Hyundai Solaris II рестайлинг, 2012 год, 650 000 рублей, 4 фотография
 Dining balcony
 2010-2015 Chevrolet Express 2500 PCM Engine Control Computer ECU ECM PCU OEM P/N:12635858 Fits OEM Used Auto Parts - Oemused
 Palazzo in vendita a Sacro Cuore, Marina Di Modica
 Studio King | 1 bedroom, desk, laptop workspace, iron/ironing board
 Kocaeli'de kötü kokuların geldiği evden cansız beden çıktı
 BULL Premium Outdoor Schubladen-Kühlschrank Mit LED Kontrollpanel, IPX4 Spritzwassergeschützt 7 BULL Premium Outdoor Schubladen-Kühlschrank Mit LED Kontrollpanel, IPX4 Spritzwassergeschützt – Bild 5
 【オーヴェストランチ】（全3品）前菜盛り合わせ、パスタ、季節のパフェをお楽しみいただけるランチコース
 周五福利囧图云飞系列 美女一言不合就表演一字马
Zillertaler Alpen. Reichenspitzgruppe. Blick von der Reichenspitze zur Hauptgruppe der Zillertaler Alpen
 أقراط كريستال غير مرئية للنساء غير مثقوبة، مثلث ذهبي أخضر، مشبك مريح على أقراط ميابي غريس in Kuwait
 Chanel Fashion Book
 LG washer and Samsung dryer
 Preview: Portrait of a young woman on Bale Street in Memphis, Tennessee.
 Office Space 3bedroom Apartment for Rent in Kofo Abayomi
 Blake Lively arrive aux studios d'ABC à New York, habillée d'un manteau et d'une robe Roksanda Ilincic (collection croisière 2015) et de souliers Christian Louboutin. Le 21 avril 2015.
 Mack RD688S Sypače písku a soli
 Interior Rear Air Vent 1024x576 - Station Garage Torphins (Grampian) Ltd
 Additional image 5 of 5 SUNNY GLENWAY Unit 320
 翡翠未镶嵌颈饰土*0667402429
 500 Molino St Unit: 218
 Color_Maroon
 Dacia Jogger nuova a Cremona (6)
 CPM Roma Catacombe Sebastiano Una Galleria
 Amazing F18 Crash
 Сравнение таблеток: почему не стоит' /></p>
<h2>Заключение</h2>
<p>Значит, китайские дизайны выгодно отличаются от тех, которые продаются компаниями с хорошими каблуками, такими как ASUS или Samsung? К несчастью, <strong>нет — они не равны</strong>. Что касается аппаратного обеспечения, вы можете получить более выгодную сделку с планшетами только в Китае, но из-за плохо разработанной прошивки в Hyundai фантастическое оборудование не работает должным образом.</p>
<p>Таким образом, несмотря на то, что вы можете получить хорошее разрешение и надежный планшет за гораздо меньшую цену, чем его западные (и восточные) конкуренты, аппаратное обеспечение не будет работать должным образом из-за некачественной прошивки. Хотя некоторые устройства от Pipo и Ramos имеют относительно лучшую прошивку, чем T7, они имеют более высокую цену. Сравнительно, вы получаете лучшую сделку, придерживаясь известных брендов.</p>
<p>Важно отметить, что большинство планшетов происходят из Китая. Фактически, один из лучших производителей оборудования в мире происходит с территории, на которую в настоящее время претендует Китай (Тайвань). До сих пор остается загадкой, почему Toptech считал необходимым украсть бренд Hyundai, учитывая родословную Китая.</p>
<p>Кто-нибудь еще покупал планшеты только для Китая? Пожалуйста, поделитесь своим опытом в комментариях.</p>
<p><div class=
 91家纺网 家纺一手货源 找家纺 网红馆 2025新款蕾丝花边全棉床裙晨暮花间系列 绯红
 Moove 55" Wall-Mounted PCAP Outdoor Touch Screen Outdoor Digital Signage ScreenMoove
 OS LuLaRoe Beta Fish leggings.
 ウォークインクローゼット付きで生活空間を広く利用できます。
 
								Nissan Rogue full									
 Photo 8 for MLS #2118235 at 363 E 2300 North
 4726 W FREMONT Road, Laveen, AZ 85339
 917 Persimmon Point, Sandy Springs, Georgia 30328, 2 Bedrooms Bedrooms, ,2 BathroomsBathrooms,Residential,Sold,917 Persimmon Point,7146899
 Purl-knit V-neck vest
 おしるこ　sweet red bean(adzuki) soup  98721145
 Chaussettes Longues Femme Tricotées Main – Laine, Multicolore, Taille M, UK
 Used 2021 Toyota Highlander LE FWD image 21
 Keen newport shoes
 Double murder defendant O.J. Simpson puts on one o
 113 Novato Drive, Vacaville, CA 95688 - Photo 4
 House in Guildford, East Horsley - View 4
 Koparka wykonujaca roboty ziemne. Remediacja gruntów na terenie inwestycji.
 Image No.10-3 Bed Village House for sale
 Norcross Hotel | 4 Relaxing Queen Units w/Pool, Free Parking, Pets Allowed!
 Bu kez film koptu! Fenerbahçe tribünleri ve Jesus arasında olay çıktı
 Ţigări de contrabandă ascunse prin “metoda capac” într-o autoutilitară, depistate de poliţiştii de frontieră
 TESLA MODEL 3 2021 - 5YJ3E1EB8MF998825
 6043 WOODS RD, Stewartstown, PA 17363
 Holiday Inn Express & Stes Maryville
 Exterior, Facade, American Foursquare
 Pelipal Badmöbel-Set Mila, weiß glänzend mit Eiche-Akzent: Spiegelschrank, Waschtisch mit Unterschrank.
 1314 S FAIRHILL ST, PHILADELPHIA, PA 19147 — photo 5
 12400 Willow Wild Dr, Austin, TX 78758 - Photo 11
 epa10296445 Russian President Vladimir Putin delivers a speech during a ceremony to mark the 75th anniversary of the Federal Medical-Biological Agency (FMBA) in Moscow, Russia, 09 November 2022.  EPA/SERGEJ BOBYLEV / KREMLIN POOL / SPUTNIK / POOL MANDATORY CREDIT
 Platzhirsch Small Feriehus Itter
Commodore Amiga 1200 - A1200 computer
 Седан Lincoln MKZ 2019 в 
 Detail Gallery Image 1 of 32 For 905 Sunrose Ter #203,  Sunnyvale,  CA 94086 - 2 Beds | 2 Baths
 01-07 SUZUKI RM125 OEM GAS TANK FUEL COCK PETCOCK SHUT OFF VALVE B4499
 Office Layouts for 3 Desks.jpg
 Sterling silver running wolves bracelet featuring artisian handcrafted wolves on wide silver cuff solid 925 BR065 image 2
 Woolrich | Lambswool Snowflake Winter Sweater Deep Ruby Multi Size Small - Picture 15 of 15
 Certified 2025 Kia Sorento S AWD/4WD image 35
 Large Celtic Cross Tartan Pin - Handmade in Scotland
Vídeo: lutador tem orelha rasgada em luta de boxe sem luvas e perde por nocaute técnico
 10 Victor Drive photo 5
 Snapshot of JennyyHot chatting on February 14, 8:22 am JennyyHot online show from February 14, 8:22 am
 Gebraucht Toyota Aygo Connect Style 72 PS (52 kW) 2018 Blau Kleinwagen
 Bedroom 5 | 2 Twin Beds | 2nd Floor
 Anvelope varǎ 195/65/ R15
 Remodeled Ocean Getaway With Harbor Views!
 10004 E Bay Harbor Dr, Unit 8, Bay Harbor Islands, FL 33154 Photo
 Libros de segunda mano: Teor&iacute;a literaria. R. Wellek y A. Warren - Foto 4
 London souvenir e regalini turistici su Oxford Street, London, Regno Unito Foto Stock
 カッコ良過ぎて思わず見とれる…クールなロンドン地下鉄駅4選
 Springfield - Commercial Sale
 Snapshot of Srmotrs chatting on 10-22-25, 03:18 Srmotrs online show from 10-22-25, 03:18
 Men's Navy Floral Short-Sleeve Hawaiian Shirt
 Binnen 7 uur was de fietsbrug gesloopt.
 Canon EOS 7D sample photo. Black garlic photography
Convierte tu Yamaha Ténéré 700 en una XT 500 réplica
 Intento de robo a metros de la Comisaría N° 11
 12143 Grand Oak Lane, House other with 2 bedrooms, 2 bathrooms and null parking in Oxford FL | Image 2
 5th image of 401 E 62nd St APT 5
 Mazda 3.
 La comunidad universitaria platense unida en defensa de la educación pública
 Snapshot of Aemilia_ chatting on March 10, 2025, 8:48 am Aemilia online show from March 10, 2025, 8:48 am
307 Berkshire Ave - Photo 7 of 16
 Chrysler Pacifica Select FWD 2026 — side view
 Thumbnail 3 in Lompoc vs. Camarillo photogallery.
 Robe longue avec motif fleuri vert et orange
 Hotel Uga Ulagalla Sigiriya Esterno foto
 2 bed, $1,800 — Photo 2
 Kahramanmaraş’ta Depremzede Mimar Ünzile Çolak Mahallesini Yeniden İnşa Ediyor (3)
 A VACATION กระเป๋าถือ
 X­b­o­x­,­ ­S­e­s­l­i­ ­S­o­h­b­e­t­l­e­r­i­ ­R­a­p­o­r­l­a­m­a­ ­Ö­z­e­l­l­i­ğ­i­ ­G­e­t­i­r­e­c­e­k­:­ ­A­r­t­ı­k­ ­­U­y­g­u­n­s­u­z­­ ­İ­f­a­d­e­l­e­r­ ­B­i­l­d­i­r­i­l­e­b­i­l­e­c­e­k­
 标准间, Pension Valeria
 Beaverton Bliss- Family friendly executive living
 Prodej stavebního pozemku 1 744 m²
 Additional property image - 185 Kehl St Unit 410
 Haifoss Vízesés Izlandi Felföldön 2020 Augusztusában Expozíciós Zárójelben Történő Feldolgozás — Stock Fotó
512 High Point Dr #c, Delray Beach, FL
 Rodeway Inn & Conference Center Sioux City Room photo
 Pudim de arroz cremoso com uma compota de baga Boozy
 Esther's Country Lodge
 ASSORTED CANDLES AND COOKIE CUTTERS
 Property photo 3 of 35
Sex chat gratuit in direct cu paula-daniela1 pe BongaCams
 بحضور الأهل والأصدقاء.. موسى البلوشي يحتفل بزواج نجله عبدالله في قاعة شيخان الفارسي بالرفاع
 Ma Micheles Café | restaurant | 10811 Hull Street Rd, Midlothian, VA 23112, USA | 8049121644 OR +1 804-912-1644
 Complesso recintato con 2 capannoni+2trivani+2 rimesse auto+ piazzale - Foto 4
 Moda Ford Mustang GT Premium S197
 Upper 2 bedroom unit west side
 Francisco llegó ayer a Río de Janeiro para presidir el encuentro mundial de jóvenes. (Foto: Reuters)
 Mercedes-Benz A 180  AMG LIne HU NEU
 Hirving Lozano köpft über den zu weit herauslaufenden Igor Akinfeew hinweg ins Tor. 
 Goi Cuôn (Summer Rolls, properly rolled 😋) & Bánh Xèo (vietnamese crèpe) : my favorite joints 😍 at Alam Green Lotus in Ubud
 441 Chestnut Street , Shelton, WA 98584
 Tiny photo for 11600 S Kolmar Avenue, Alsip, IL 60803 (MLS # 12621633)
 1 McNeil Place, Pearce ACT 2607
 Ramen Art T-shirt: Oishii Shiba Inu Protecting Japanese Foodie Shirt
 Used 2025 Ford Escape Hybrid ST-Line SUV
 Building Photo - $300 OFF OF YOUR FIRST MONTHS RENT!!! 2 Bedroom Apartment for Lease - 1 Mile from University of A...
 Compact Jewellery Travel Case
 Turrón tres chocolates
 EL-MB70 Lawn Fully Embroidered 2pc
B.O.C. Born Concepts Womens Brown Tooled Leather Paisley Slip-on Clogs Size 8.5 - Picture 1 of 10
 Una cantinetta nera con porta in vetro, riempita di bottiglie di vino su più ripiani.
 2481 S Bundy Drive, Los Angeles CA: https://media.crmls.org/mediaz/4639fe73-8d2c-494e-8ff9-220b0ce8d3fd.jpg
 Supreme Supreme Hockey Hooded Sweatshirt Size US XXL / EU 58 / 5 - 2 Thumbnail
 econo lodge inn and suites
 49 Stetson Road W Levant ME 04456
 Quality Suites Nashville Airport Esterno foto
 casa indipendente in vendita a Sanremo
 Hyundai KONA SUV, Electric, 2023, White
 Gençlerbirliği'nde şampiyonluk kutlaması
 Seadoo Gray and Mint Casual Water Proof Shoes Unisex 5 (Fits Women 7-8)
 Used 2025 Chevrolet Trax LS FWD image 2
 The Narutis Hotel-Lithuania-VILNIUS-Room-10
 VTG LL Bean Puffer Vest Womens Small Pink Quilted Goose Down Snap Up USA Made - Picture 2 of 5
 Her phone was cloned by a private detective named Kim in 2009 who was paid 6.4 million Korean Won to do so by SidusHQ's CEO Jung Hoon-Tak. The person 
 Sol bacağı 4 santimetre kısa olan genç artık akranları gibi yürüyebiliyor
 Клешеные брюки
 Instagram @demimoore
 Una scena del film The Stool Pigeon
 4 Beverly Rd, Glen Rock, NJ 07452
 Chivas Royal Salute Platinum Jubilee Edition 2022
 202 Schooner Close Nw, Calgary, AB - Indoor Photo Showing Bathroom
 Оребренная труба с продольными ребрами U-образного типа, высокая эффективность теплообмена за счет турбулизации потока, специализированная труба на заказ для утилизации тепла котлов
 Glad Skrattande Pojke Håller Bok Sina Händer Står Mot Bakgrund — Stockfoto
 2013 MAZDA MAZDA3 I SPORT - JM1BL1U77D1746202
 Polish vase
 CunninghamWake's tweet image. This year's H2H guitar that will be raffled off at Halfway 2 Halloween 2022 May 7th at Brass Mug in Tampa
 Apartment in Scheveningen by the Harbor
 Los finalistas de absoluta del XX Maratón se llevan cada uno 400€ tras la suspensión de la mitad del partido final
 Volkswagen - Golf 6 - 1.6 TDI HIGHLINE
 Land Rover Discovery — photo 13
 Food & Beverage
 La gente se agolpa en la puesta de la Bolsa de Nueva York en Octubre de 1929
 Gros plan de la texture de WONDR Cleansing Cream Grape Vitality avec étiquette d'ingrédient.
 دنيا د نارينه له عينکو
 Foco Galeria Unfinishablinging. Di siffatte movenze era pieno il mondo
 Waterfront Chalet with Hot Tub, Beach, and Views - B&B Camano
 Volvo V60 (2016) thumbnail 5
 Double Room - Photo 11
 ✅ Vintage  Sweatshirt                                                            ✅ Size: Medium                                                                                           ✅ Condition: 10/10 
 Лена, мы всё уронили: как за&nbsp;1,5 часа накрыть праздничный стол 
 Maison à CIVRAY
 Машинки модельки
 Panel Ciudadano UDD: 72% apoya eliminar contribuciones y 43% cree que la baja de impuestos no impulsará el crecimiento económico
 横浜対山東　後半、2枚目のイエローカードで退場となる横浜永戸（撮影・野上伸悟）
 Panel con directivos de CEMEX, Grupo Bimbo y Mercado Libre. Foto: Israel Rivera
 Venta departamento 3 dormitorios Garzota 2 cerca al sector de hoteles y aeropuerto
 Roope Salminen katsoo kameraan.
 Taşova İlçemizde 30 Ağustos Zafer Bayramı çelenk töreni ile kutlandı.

=======

## [Action item]
The lines from the beginning of the records through the line containing "Dacia Jogger nuova a Cremona (6)" should be reproduced exactly. Include nothing else.

## [Exercise answer]
Hyundai Solaris II рестайлинг, 2012 год, 650 000 рублей, 4 фотография
 Dining balcony
 2010-2015 Chevrolet Express 2500 PCM Engine Control Computer ECU ECM PCU OEM P/N:12635858 Fits OEM Used Auto Parts - Oemused
 Palazzo in vendita a Sacro Cuore, Marina Di Modica
 Studio King | 1 bedroom, desk, laptop workspace, iron/ironing board
 Kocaeli'de kötü kokuların geldiği evden cansız beden çıktı
 BULL Premium Outdoor Schubladen-Kühlschrank Mit LED Kontrollpanel, IPX4 Spritzwassergeschützt 7 BULL Premium Outdoor Schubladen-Kühlschrank Mit LED Kontrollpanel, IPX4 Spritzwassergeschützt – Bild 5
 【オーヴェストランチ】（全3品）前菜盛り合わせ、パスタ、季節のパフェをお楽しみいただけるランチコース
 周五福利囧图云飞系列 美女一言不合就表演一字马
Zillertaler Alpen. Reichenspitzgruppe. Blick von der Reichenspitze zur Hauptgruppe der Zillertaler Alpen
 أقراط كريستال غير مرئية للنساء غير مثقوبة، مثلث ذهبي أخضر، مشبك مريح على أقراط ميابي غريس in Kuwait
 Chanel Fashion Book
 LG washer and Samsung dryer
 Preview: Portrait of a young woman on Bale Street in Memphis, Tennessee.
 Office Space 3bedroom Apartment for Rent in Kofo Abayomi
 Blake Lively arrive aux studios d'ABC à New York, habillée d'un manteau et d'une robe Roksanda Ilincic (collection croisière 2015) et de souliers Christian Louboutin. Le 21 avril 2015.
 Mack RD688S Sypače písku a soli
 Interior Rear Air Vent 1024x576 - Station Garage Torphins (Grampian) Ltd
 Additional image 5 of 5 SUNNY GLENWAY Unit 320
 翡翠未镶嵌颈饰土*0667402429
 500 Molino St Unit: 218
 Color_Maroon
 Dacia Jogger nuova a Cremona (6)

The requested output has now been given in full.